石川県能登半島の最北端、奥能登・珠洲地域に400年以上前から伝わる 「揚げ浜式製塩法」を受け継ぐ浜士(はまじ)や、新たな製塩方法を生み出す人々を通じて、一時は失いかけた自然海水塩づくりの再生と未来への継承を描く長編ドキュメンタリー作品『ひとにぎりの塩』が本日より金沢にて先行公開となりました。先ほど、ユナイテッド・シネマ金沢にて、初日舞台挨拶を行いました。

本年6月に世界農業遺産に認定された能登半島。雄大な日本海と日本の原風景とも言われる美しい里山に抱かれる人間の営みを、季節を通じて追いかけたドキュメンタリー『ひとにぎりの塩』は、本作が長編ドキュメンタリー初監督作品となる石井かほり、撮影に『E.YAZAWA ROCK』の瀬川 龍。ナレーションは、モデル、タレントでマルチな活躍で人気のはな、音楽には、雄大かつ繊細な音をつむぎ出し数々の映画音楽・テーマ曲を手がける谷川賢作を迎え完成いたしました。

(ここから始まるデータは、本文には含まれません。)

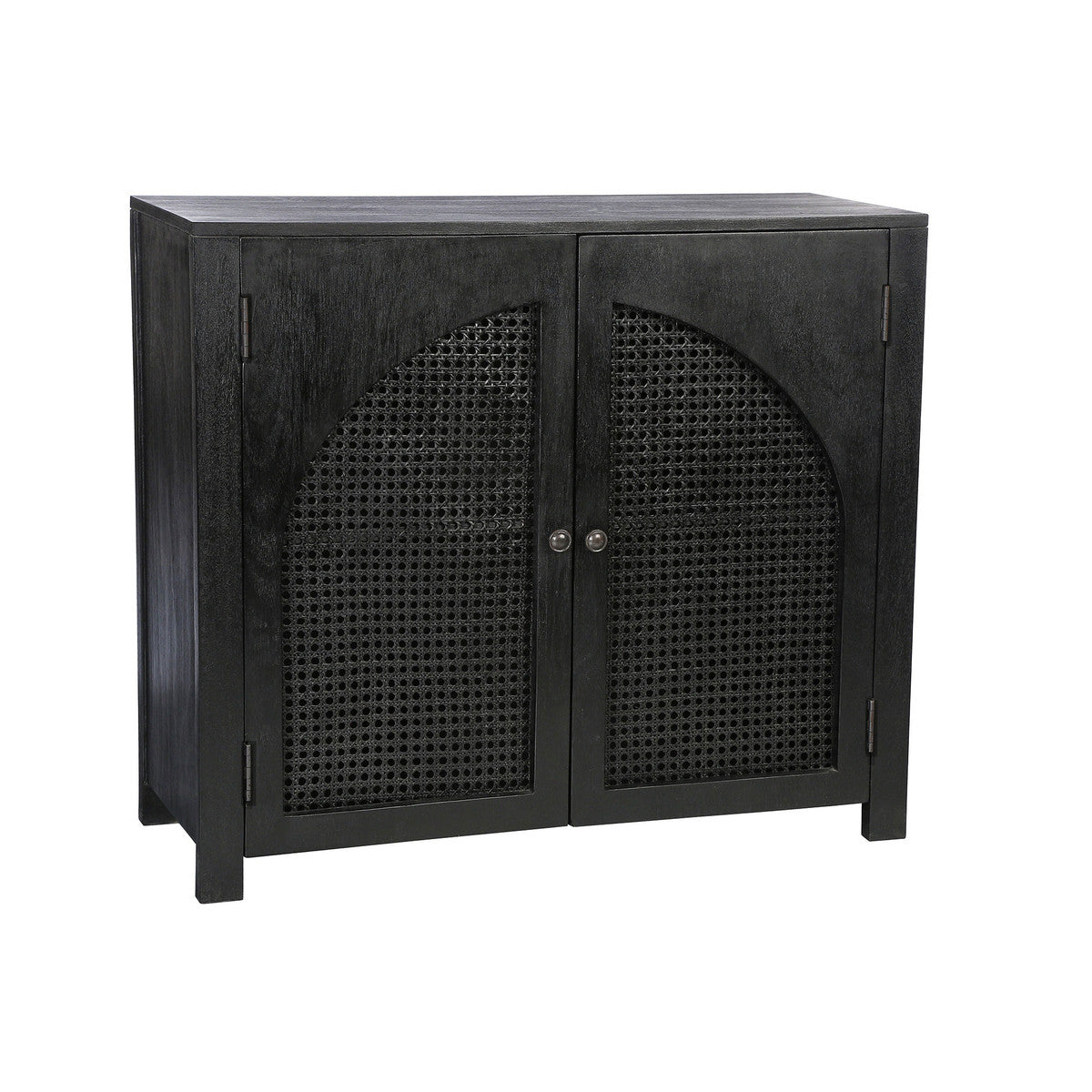 Modern Arched Cabinet in Black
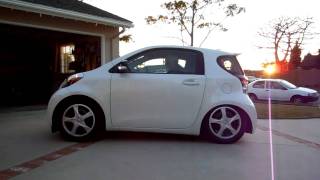 2012 Scion iQ on AirRunner suspension [upl. by Krystalle]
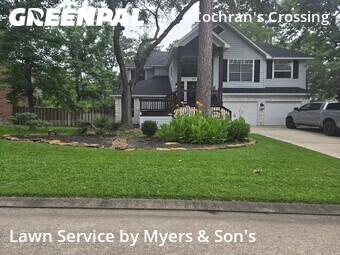 Grass Cuttingin The Woodlands,77381,Lawn Service by Myers & Son's, work completed in Jun , 2026
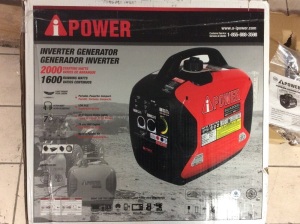 A-iPower SUA2000i 2000-Watt Portable Inverter Generator, Gasoline Powered - E-Comm Return, Engine has Compression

■日 時:10月29日(土) ■場 所:ユナイテッド・シネマ金沢 スクリーン8  
■石井かほり監督(32):

上映終了後、塩田村の塩士(しおじ)と呼ばれる塩作りの職人が着る半被を借りて登場。
監督:私がこの作品を作ろうとした一番最初のきっかけは2009年9月に奥能登にある塩田村で働いてる方から「塩田で塩を作っているんだけど、見に来ない?」というお誘いで珠洲に行ったのがきっかけです。自分も塩田というものがよく分からない状態で行ってみました。そこで働いているおばちゃん達が汗だくになって自分と同じ大きさぐらいの工具を持って砂を集めている姿や、親方が一中夜寝ずに、窯焚きをしている姿を目の当たりにして「わぁ〜かっこいい!」と惚れ込んでしまいました。
海水がゆっくり結晶化していって塩が作られていく姿を生まれて初めて見た時に、いままで無意識の内に食べていた“塩“というのがこういう風に作られていて、私は何も知らずに塩を食べていたんだな。と気づいた瞬間でした。また、大量に生産することが出来るのに、なぜ、こんなに大変な思いをして作っているのか?それがすごく不思議でした。珠洲で食べた塩の味がすごく美味しくて、浜取りさんや職人さんの人柄を含めた味わいに思えたから、これは映像にして伝えなければ。とその思い一つだけで現場に入りこんで撮影を始めてしまいました。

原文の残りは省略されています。